Holding Vision and Values involves an unswerving commitment to intentional behavior that enables an organization to realize its vision and operate with integrity-consistently.  These behaviors are not mere references to non-measurable goals or giving lip service to a stated code of ethics. A Legacy Leader embraces and practices ten critical success skills which serve to shift entire organizational cultures to realize goals, and doing so also provides a solid leadership model for tomorrow’s leaders.

The success skills for this first Legacy Practice will always be hallmarks of great leaders.

  1. Consistently reinforce organizational vision and values.
  2. Intentionally model guiding principles in everything, with everyone.
  3. Personally integrate organization’s vision in all responsibilities.
  4. Have a well-defined strategic plan for accomplishing the vision.
  5. Enable the team to translate organizational vision, and align daily responsibilities with organizational goals.
  6. Establish measurable milestones congruent with vision.
  7. Ensure that organizational values are integrated into how the organization does business.
  8. Clearly identify your personal values; “walk the talk” in everything.
  9. Place importance on developing others.
  10. Effectively communicate, sustain processes to achieve vision and values.

The BE-Attitudes of a Holder of Vision and Values

When we attempt to compile lists of the necessary attitudes and qualities of good leaders as they might pertain to this Legacy Practice, we would expect to see such core characteristics as visionary, a communicator , open and not guarded, a role model, and a person of integrity.

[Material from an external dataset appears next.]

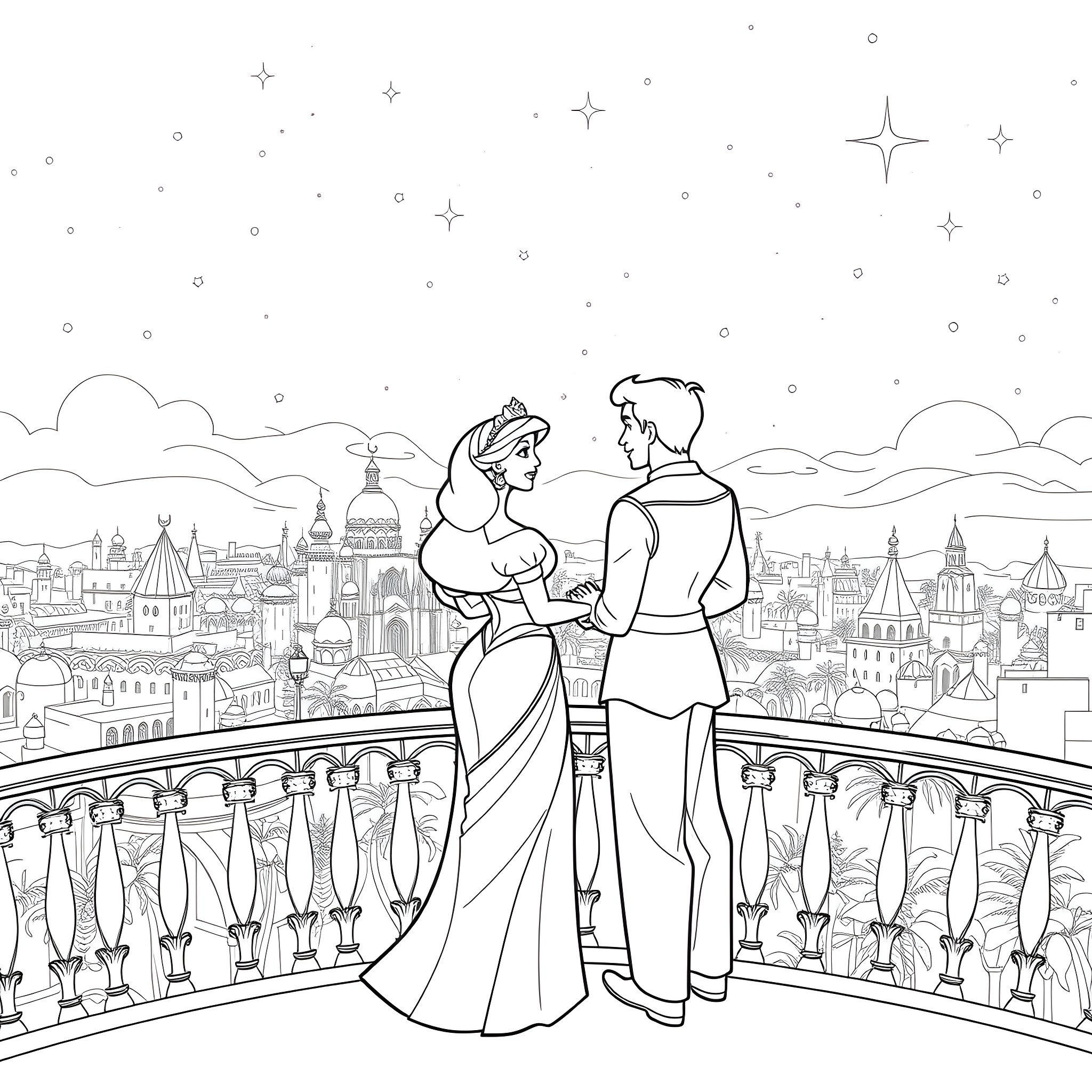 Jasmine and Aladdin enjoying a romantic night in the city Coloring Page (free black-and-white line drawing printable PDF for all, from beginners to advanced learners, including children, teens, adults, and seniors)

These would head the list of many other attitudes that could be named here.  However, this is not about just good, or great, leaders. It is about Legacy Leaders. Legacy sets these leaders apart from all others. Leaders who live their legacy now will possess certain fundamental attributes and inclinations that enable them to truly lead for legacy as they hold vision and values. We have identified five specific foundational attitudes that distinguish Legacy Leaders in this Legacy Practice. These are not listed in any order of importance. Brief descriptions of the top five follow. A Legacy Leader, a Holder of Vision and Values, is:

  1. Others-Oriented

This person conducts him or herself in ways that benefit others first, not self. These leaders are aware of other people, their roles, their performance and their needs, and always seek to lift others before self. This leader is sensitive to development opportunities for others.

Legacy Leaders are aware of how their personal behavior affects other people and seek to either maximize the positive impact or minimize the negative.

  1. A Guardian

This person always protects and champions what is important, such as vision and values, guarding them against erosion or loss, and seeking their incorporation into all behavior and processes.

  1. Seamless

This person’s life and behavior looks the same regardless of position, place or politics. Business conduct is the same as personal conduct. Public behavior is the same as private behavior.

Others cannot detect a change in behavior depending on situation or circumstances.

  1. Values-Driven

This person does everything, in all places and positions, based on a personal and professional set of values. These values drive and shape all behavior. This leader is also constantly measuring behavior against values, making correction or changes as necessary.

  1. A Whole Systems Thinker

This person has the ability to see life around him or her as a who le system with many parts. This is true in business and general life. These leaders are able to grasp the “big picture” but also understand the many parts that make up that picture. They see the inter-relationships among the parts and how all contribute to the whole.